Among the entries below, only the lines from the one with "Can I download" through the one with "The fire detection" are to be retyped, exactly and without pictures.

- **Input records**
· · · · · · ·

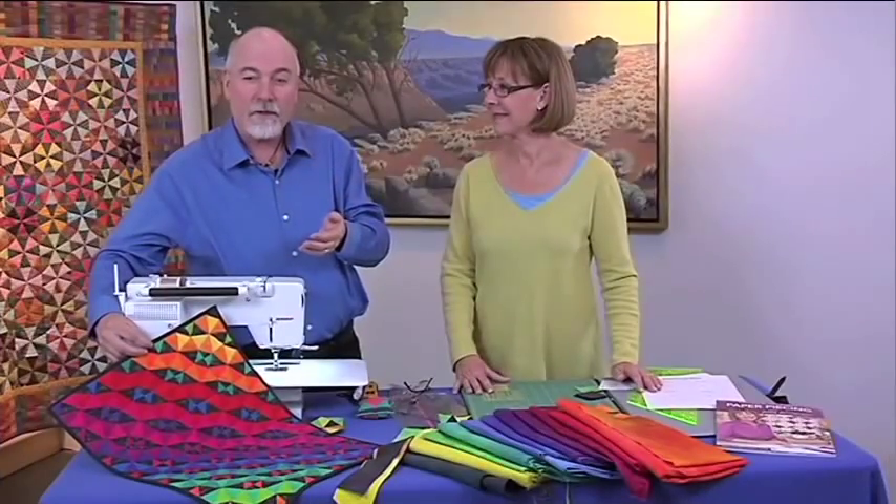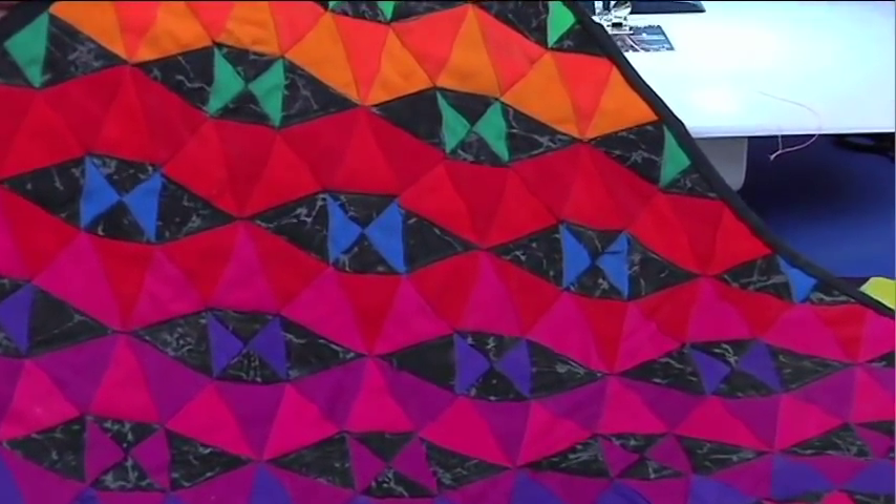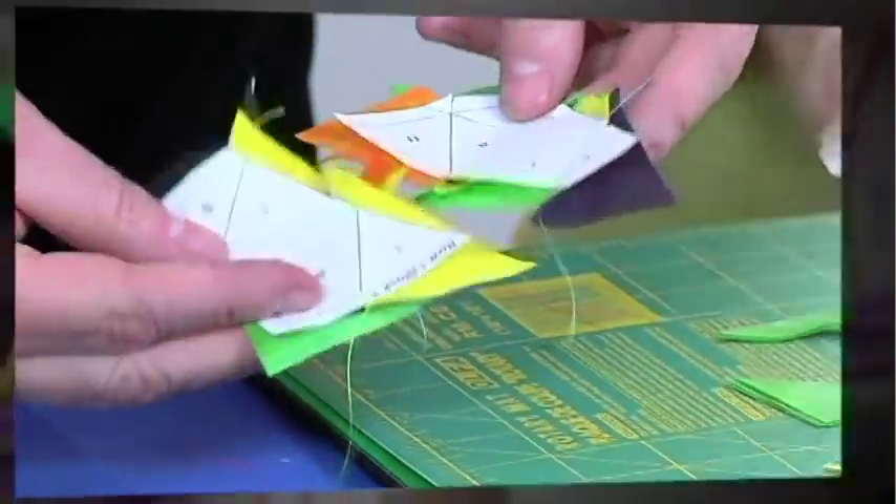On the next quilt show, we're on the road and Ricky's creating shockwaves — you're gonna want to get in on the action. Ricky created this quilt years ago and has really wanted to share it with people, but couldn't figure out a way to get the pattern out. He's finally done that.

· · · · · · ·

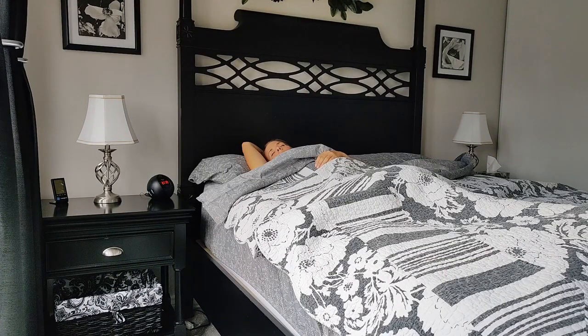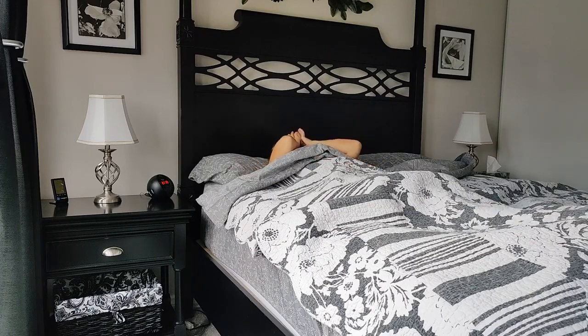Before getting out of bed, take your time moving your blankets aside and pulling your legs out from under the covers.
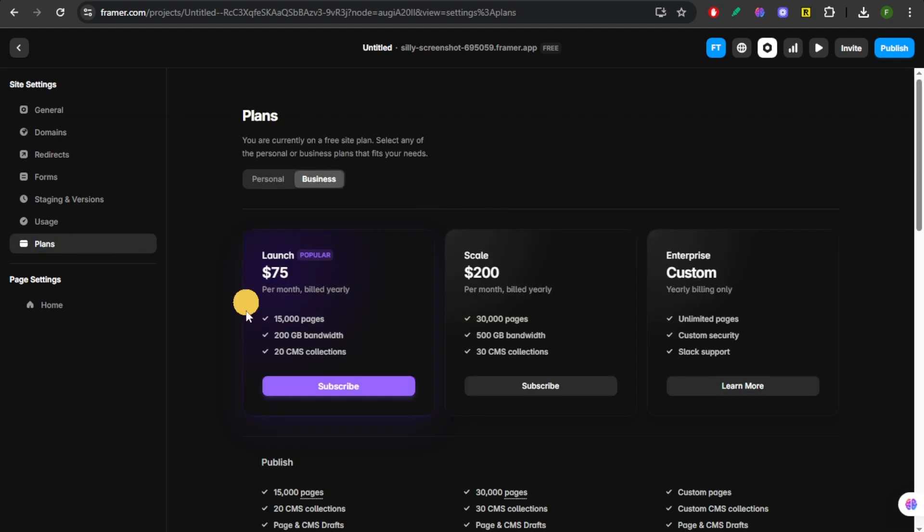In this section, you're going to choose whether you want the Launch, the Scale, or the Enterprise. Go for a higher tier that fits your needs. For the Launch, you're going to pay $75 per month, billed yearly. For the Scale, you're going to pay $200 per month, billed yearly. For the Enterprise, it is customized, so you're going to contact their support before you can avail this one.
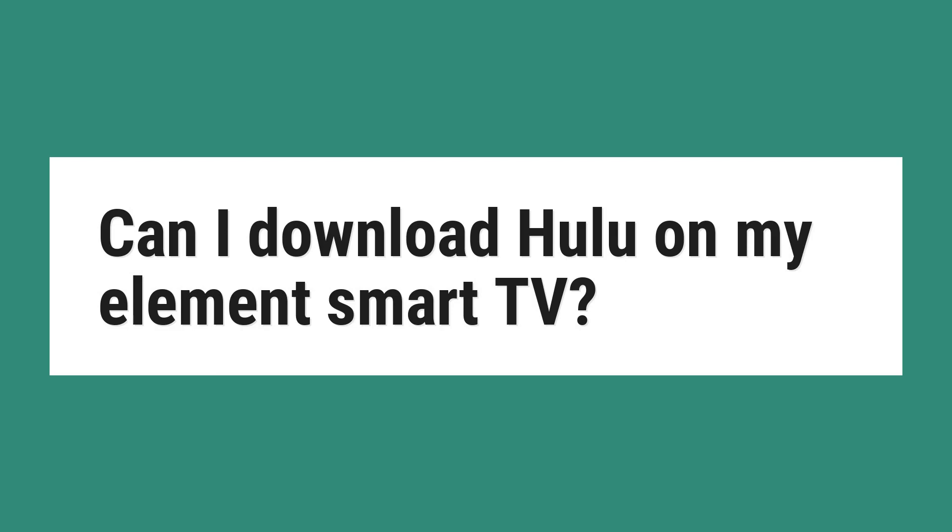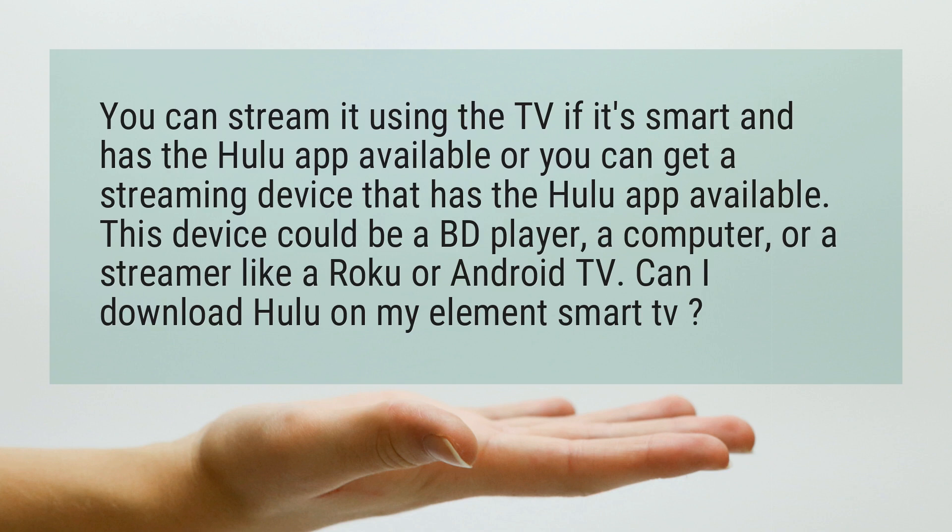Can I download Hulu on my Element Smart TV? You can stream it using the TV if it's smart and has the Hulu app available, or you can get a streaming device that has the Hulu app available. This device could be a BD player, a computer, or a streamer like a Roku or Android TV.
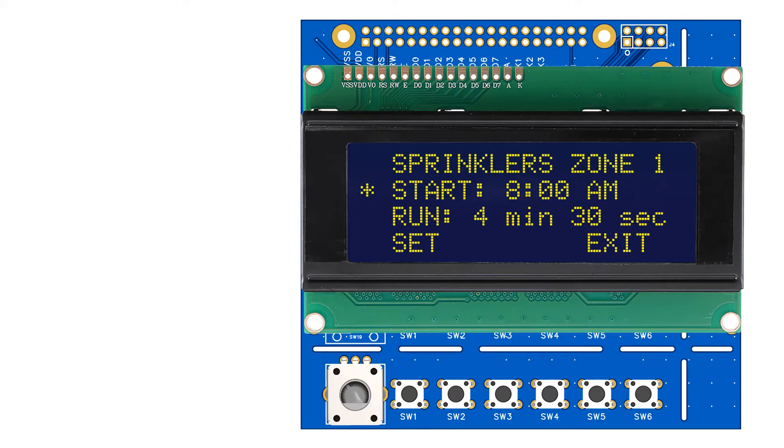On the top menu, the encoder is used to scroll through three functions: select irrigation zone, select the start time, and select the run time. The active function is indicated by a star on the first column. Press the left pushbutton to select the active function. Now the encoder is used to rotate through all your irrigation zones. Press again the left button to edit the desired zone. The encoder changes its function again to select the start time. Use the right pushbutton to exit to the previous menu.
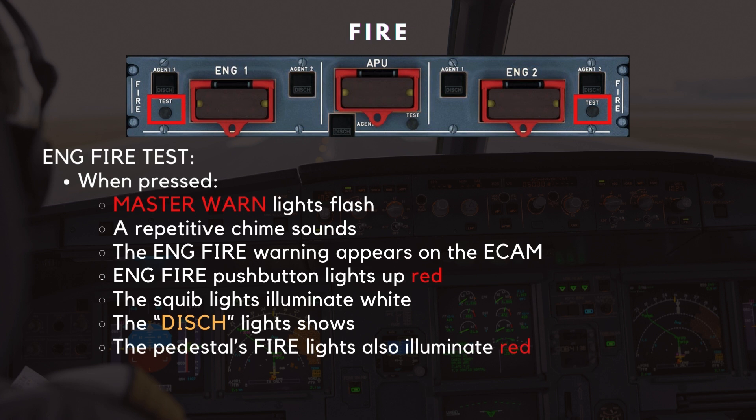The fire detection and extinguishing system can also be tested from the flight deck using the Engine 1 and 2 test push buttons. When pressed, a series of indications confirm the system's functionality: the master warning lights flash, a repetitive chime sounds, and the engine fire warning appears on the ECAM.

· · · · · · ·

- **Solution for this problem**
Can I download Hulu on my Element Smart TV? You can stream it using the TV if it's smart and has the Hulu app available, or you can get a streaming device that has the Hulu app available. This device could be a BD player, a computer, or a streamer like a Roku or Android TV.
On the top menu, the encoder is used to scroll through three functions: select irrigation zone, select the start time, and select the run time. The active function is indicated by a star on the first column. Press the left pushbutton to select the active function. Now the encoder is used to rotate through all your irrigation zones. Press again the left button to edit the desired zone. The encoder changes its function again to select the start time. Use the right pushbutton to exit to the previous menu.
The fire detection and extinguishing system can also be tested from the flight deck using the Engine 1 and 2 test push buttons. When pressed, a series of indications confirm the system's functionality: the master warning lights flash, a repetitive chime sounds, and the engine fire warning appears on the ECAM.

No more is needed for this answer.